Utility

Utility measures the performance of a downstream model or algorithm when run on the source data vs the synthetic.

Generally, synthetic data will show a drop in utility. This is not always the case: sometimes the synthetic data can randomly increase utility by chance. Generally, the aim of smart synthetic data generation is to minimise loss in utility.

Note: currently, Hazy only meausures utility for predictive analytics use-cases. For clustering and other unsupervised learning techniques, you can use similarity as a proxy for utility and / or perform your own bespoke evaluation.

Predictive performance

Hazy selects typical performance metrics for the selected modelling technique and uses built-in models to measure the performance of the modelling technique trained with the source data. The process is then repeated by measuring the performance of the modelling technique when trained with the synthetic data. Normally this involves splitting the data into a training set to train the model and a test set to validate the model, in order to avoid overfitting - note that the test set always consists of the original data.

The overall score or "match" for a given performance metric is a measure of how close the synthetic score is to the real score:

Predictive Utility=Performance of model trained on synthetic dataPerformance of model trained on original data\text{Predictive Utility} = \frac{\text{Performance of model trained on synthetic data}} {\text {Performance of model trained on original data}}

These scores are plotted as overlapping squares with the intersecting area being indicative of the "match" between the synthetic and real data sets.

The final predictive utility score is then an average of the "match" between the synthetic and real data set scores for each of the performance metrics.

This metric requires both a target column and a machine learning model to be selected. The model can be a classifier or regressor from the selection given below:

  • naive_bayes_gauss or nb - Naive Bayes Classifier
  • logistic_regression or lgr - Logistic Regression
  • k_neighbors or knnc - K-Nearest Neighbours
  • linear_svm or lsvm - Linear Support Vector Machine
  • svm - Support Vector Machine
  • decision_tree or dtc - Decision Tree Classifier
  • random_forest or rfc - Random Forest Classifier
  • lgbm or lgbmc - Light GBM

The default model is lightgbm. All models are optimised using a Bayesian optimisation method. Note that some of these method are faster and more precise than others. Logistic Regression lgr and Decision Trees decision_tree are among the fastest to run. Note that some do not support feature importance.

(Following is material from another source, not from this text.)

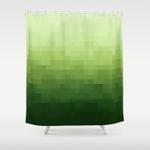 gradient pixel green shower curtain 0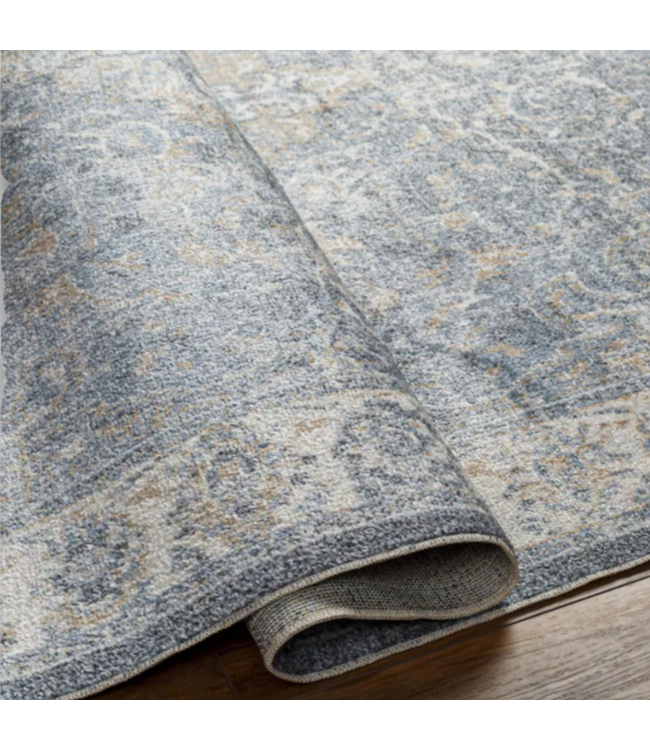 53729 Flat Weave Polyester Sky Blue Rug 7' x 9'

A good predictive utility score is generally >= 90%.

Feature importance shift

This metric compares the order of feature importance in the model trained on the original data and the model trained on the synthetic data. Most machine learning algorithms are able to rank the variables in that data by how informative they are for a specific task.

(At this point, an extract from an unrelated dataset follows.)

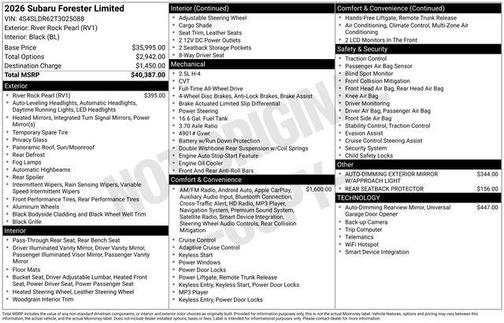 River Rock Pearl 2026 Subaru Forester Limited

Synthetic data of good quality should be able to preserve the variables' order of importance. In the example below, we see that within the Hazy Hub you are able to see the level of importance set by the algorithm and how accurately the synthetic data retains that order.

Feature importance shift represented by position, sorted by importance. Ideally the graph should look like a ladder - meaning that no feature has moved.
Feature importance shift represented by position, sorted by importance. Ideally the graph should look like a ladder - meaning that no feature has moved.
Feature importance shift represented as a histogram of the difference in importance between source and synthetic.
Feature importance shift represented as a histogram of the difference in importance between source and synthetic.

Confusion matrix shift

Confusion matrices illustrate how many true positives, false positives, true negatives and false negatives are made when predicting categorical target variables. Confusion matrix shift illustrates the difference between a confusion matrix produced by a predictive model trained on the synthetic data and that of a model trained on the real data. Darker squares are a sign of higher performance.

Agreement rate

Agreement rate is the frequency with which a predictive model trained on the synthetic data and a predictive model trained on the real data make similar predictions.

Query utility

Query utility shares many similarities to the bi-joint distribution similarity metric. It is the average overlap of the joint distribution of values across three or more columns. The average is computed over n iterations, with each iteration randomly selecting the number of columns to be included in the joint distribution. In essence, query utility estimates the the similarity between highly dimensional joint distributions through random queries applied to both the real and synthetic data set.

A good query utility score is typically >= 60%.